Sometimes the media attention distracts from the key determinant of a stock's earnings. That's arguably the case with United Parcel Service (NYSE:UPS) and FedEx (NYSE:FDX) right now. While the so-called Amazon.com (NASDAQ:AMZN) threat attracts attention, the reality is that there's more than enough growth in e-commerce to go around -- and the key to prospects at UPS and FedEx isn't so much e-commerce volume growth, it's ensuring profitable e-commerce delivery growth. In this line of thought let's take a look at UPS' recent earnings and the key figure investors should be gleaning from it.

Package delivery is more than just Amazon

A quick look a chart of e-commerce growth in the U.S. shows it continues to grow at a mid-teens rate, but still only represents around 10% of retail sales. In other words, the trend remains strong, and it looks like there is a long way to run. Amazon is obviously going to be a big part of that, but it's probably not as important to FedEx and UPS as is often understood.

Packages on a conveyor belt.

Image source: Getty Images.

For example, until recently Amazon only represented around 1.3% of FedEx's total revenue and around 3% for UPS. However, it's highly likely that Amazon deliveries are/were a relatively low-margin activity for UPS/FedEx. After all, FedEx didn't decline to renew its contract to make express and ground deliveries for Amazon without a good reason.

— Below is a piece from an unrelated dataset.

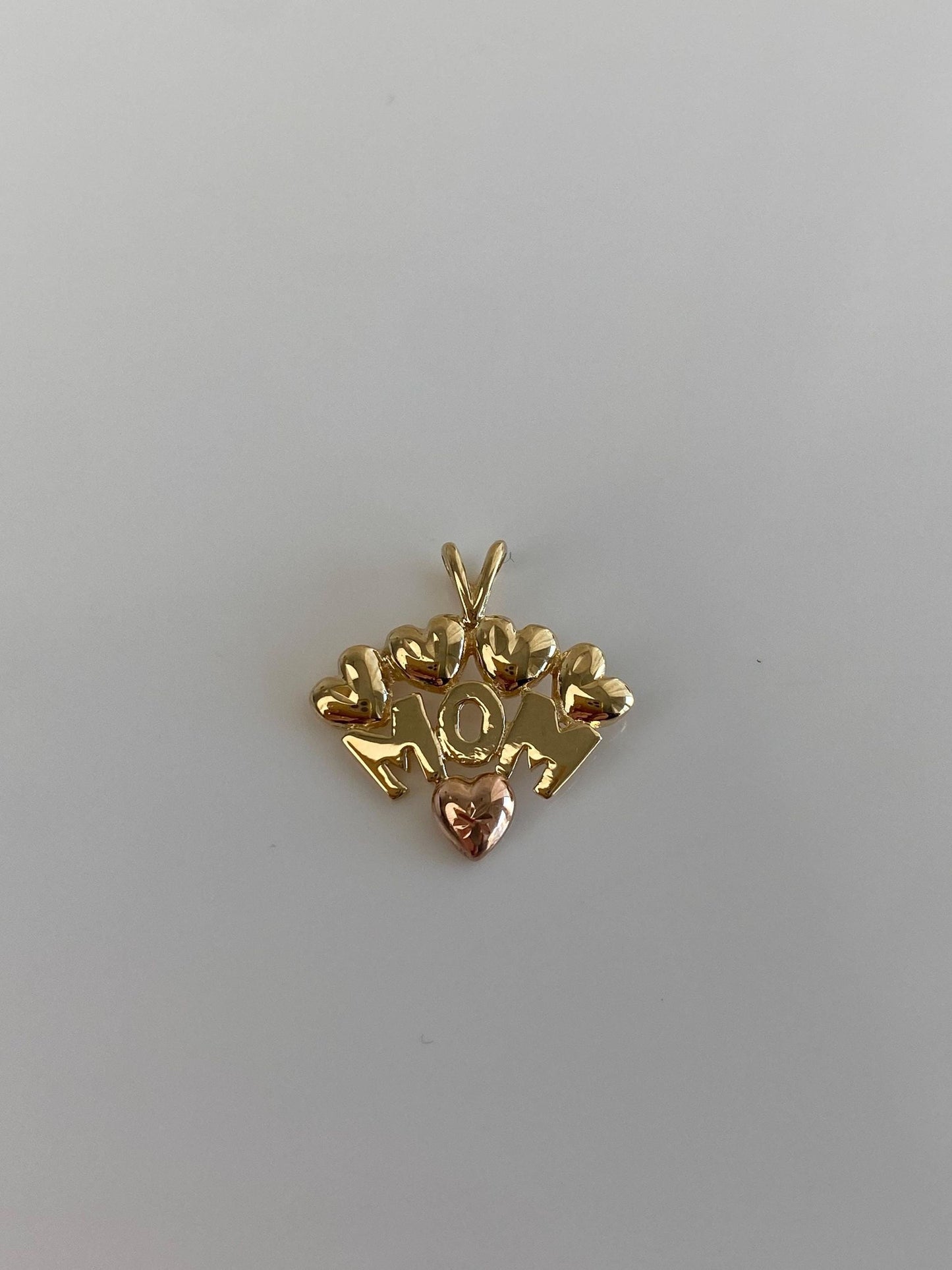Vintage Solid 14k Rose & Yellow Gold Mom Charm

Instead, FedEx has taken a conscious decision to focus on broader e-commerce deliveries. Meanwhile, UPS' transformation strategy (outlined in September 2018) sees it refocusing on four growth areas:

  • Small and medium-sized business
  • Healthcare and life sciences
  • International high-growth areas
  • Global business-to-consumer (B2C) and business-to-business (B2B) e-commerce

Simply put, there's a big world of deliveries out there, and it's not just Amazon. The key challenge and opportunity for FedEx and UPS is actually growing volume and margin with e-commerce deliveries. 

US Change in E-Commerce Sales Chart

US Change in E-Commerce Sales data by YCharts

UPS turns the corner

As you can see below, the key U.S. domestic package segment has grown revenue in recent years, but margins have declined; leading to falls in operating income.

UPS U.S. Domestic Package Growth

2015

2016

2017

2018

Revenue growth

2.5%

4.2%

6.5%

6.9%

Operating Income growth

4.3%

4.5%

(7.5%)

(15.3%)

Data source: UPS presentations. Analysis by author. Reported figures.

Clearly, UPS needed to take action, and management's transformational plan involves a substantial ramp-up in expenditures in order to expand and modernize (plans include extensive automation technological deployment) its hubs so it can create a more cost-efficient network. In this way, UPS can fully benefit from the extra scale coming from volume growth. The good news is there's evidence of it coming to fruition.

First, as you can see in the chart below, volume increased significantly in the second quarter, and revenue per piece held up well, leading to a 7.7% increase in U.S domestic package revenue in the second quarter, while the segment's operating income increased a whopping 28.6%.

UPS year-over year growth

Data source: UPS presentations. Chart by author.

However, the real margin improvement story isn't so much about improving revenue per piece or even volumes as it is with reducing the unit cost per piece delivered. In other words, UPS' investments are starting to help cut costs, which is, in turn, helping margin.

The total cost per piece rose just 0.5% in the second quarter, and revenue per package also rose 0.5%, meaning the increase in volume is dropping into the bottom line.

UPS U.S. Domestic Package 

2017

2018

Q1 2019

Q2 2019

Total cost per piece growth

5.5%

6.6%

2.8%

0.5%

Data source: UPS presentations

Moreover, outgoing CFO Richard Peretz called for future "improvement in operating margin for the US business" with "cost per piece coming down and all that comes together in what we guided for '19 and when we get to '20." In other words,  UPS is set to continue increasing margin due to improvements in its network's efficiency.

Too early to be triumphant

All told, investors should stop worrying too much about Amazon and focus on what UPS is doing to improve the margin of e-commerce deliveries. It's early days yet, and UPS still needs to go through the important peak delivery period -- where its upgraded network will be tested out -- before investors can fully accept CEO David Abney's assertion, given on the earnings call, that UPS has passed "an important turning point."

Nevertheless, the early evidence is good and a cause for optimism for the rest of the year -- just keep an eye out for the cost per piece.